The Replacement of Cash by USDT in Venezuela
Three main factors have pushed Venezuelan commerce onto blockchain platforms:
- Inflation surged to approximately 26% month-on-month in May 2025, averaging above 200% annually. This made pricing in bolívars practically impossible, requiring constant adjustments in pricing displays.
- The depreciation of the bolívar has stressed the gap between the official exchange and street prices, prompting merchants to seek greater pricing stability.
- The shortage of physical US dollars—an outcome of sanctions and limited cash flow—has made digital dollars like USDT a more viable option for transactions.
Authorities have gradually become more lenient towards cryptocurrency exchanges involving dollar-denominated assets to facilitate market operations, signifying an implicit tolerance rather than formal acceptance of dollarization.
Venezuela leads in grassroots crypto adoption, with stablecoins steadily comprising a significant portion of everyday transactions. The share of transactions under $10,000 that involve stablecoins reached about 47% in 2024, pointing towards USDT’s role in pricing and settlement for both households and small to medium-sized businesses.
Practical Use of USDT
Households utilize USDT to manage expenses such as grocery bills, condominium fees, and rent, while smaller businesses frequently restock inventories priced in US dollars. Employers in retail areas may pay bonuses or portions of salaries in USDT to preserve purchasing power, even as larger firms still reference the central bank for formal accounting despite leaning towards P2P transactions for practicality.
Risks and Mitigations
This shift comes with inherent challenges, including:
- Rate Risk: Fluctuations in P2P prices can create discrepancies in transactions; certain strategies like timestamped invoices and immediate payment settlements help mitigate this.

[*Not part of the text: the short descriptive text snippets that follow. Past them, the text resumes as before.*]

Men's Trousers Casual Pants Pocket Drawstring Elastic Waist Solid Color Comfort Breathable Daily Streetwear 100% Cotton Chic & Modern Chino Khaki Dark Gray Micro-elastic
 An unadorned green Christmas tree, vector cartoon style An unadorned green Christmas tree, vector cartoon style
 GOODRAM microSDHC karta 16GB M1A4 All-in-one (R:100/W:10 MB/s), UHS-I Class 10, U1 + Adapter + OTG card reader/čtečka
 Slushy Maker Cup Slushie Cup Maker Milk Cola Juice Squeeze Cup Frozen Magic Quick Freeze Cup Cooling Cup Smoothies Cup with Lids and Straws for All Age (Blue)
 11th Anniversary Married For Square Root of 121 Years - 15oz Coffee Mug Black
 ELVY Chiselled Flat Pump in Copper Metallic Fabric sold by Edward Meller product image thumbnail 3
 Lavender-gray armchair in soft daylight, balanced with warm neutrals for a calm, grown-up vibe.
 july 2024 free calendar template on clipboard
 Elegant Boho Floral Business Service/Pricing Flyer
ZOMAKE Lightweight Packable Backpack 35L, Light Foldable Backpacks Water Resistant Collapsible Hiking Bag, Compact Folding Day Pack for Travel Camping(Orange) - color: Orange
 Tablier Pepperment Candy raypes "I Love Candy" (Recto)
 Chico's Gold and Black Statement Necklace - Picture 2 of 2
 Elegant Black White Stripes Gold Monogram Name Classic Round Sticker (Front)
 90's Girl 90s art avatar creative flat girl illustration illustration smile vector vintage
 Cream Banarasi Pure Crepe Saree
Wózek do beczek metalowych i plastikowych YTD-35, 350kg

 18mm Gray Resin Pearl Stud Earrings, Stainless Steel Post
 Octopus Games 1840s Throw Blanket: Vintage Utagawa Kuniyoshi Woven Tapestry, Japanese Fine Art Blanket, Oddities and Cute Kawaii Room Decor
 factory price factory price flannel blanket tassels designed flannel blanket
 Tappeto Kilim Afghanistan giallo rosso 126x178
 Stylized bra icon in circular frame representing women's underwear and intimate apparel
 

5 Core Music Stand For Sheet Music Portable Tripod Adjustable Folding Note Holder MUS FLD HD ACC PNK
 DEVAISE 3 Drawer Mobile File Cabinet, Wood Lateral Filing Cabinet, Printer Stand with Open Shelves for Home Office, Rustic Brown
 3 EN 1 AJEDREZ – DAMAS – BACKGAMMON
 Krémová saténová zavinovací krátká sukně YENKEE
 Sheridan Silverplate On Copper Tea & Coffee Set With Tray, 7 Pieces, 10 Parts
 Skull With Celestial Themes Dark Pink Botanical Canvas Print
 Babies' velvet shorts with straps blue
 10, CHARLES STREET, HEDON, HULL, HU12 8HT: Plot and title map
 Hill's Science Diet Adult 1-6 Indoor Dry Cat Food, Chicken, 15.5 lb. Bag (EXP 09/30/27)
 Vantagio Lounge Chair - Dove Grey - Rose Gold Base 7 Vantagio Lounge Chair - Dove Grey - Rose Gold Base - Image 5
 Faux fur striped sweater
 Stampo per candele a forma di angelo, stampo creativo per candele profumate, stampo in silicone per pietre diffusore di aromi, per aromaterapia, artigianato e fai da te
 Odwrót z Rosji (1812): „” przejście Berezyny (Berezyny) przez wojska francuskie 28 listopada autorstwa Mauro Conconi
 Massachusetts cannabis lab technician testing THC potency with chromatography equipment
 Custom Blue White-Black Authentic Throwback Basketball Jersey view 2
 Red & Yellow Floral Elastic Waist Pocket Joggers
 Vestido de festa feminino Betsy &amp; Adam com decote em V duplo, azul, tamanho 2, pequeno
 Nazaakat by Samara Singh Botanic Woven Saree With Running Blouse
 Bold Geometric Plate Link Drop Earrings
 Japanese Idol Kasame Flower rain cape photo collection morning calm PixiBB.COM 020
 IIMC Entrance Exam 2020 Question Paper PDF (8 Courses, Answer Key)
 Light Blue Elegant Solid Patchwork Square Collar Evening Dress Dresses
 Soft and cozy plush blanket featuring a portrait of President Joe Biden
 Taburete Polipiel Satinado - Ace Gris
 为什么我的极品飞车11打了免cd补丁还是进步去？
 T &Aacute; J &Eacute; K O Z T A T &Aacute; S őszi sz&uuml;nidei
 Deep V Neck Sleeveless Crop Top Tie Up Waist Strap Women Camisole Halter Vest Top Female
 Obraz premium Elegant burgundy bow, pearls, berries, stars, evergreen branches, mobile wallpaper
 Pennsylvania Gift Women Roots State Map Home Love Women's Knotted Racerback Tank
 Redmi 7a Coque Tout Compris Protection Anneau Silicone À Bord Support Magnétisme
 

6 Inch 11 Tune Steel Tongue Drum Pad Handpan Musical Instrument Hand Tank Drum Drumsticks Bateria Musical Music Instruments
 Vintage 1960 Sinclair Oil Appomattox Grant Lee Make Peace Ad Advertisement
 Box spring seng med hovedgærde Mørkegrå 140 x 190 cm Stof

- Security Risks: Issues like phone theft and seed-phrase loss are prevalent; users adopt various protective measures such as biometric locks and secure backups.
- Regulatory Ambiguity: As authorities penalize quoting the parallel rate, businesses have to navigate this gray area carefully.
The Trend of Digital Dollars
Venezuela is on a path to informal dollarization through cryptocurrencies. Unlike prior phases when cash dollars dominated, the primary currency unit and liquidity now largely derive from stablecoins like USDT without a change in official currency laws. This opportunity is mirrored in other high-inflation countries where stablecoins facilitate daily commerce and remittances, providing dollar-backed transactions easily through popular wallet and P2P networks, fulfilling the needs of everyday consumers and businesses.